The Izumo helicopter carrier, commissioned only two years ago, will make stops in Singapore, Indonesia, the Philippines, and Sri Lanka before joining the Malabar joint naval exercise with Indian and US naval vessels in the Indian Ocean in July, the sources told Reuters news agency.

The carrier will then return to Japan in August.

“The aim is to test the capability of the Izumo by sending it out on an extended mission,” said one of the sources with knowledge of the plan.

Aljazeera

2: Rand Paul Is Right: NSA Routinely Monitors Americans’ Communications Without Warrants

ON SUNDAY’S Face the Nation, Sen. Rand Paul was asked about President Trump’s accusation that President Obama ordered the NSA to wiretap his calls. The Kentucky senator expressed skepticism about the mechanics of Trump’s specific charge, saying: “I doubt that Trump was a target directly of any kind of eavesdropping.” But he then made a broader and more crucial point about how the U.S. government spies on Americans’ communications — a point that is deliberately obscured and concealed by U.S. government defenders.

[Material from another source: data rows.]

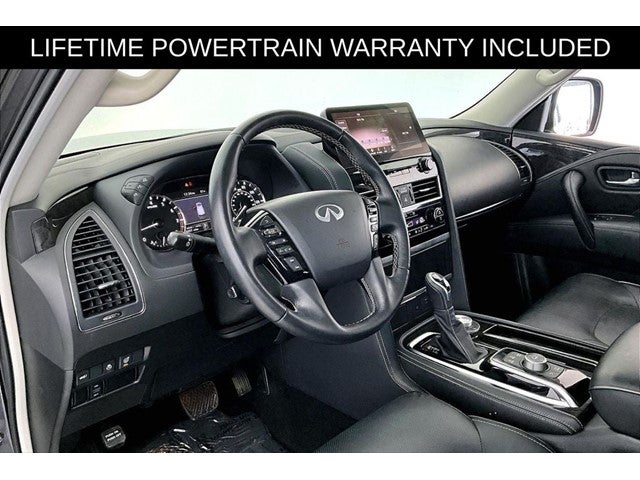 2024 INFINITI QX80 LUXE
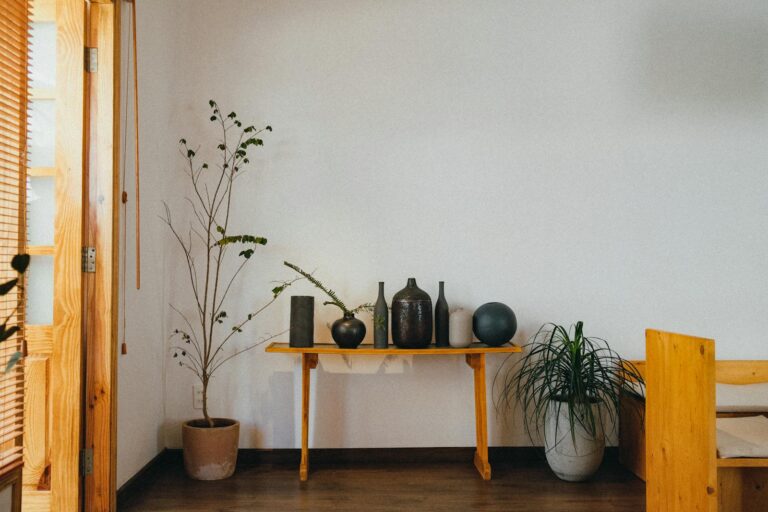 Mixer style bohème et minimaliste : la règle des 70/30 et les matières qui font le lien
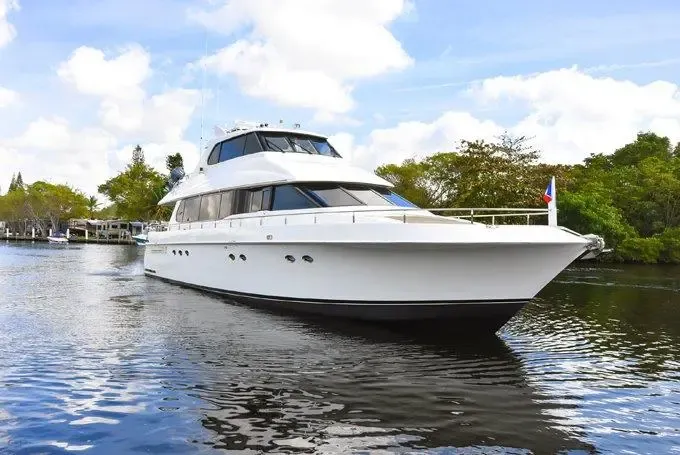 76' Lazzara Sold by Yacht Broker Kit Denison
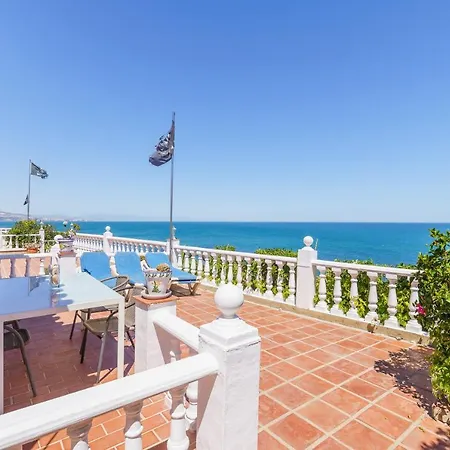 12 House In Front Of The Sea Fuengirola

Paul explained how the NSA routinely and deliberately spies on Americans’ communications — listens to their calls and reads their emails — without a judicial warrant of any kind:

The Intercept

1:  MPs reject Lords amendments on Brexit vote and EU citizens’ rights

MPs have overturned two House of Lords amendments that aimed to protect the rights of EU citizens living in the UK and hand parliament a “meaningful vote” on the final Brexit deal.

Sources have told the Guardian that peers will now accept the supremacy of the Commons, allowing Theresa May’s Brexit bill to clear all hurdles on Monday night, preparing it for royal assent.

The decision means the prime minister will be able to trigger article 50 from Tuesday, but sources have quashed speculation of quick action and instead suggested she will wait until the final week of March.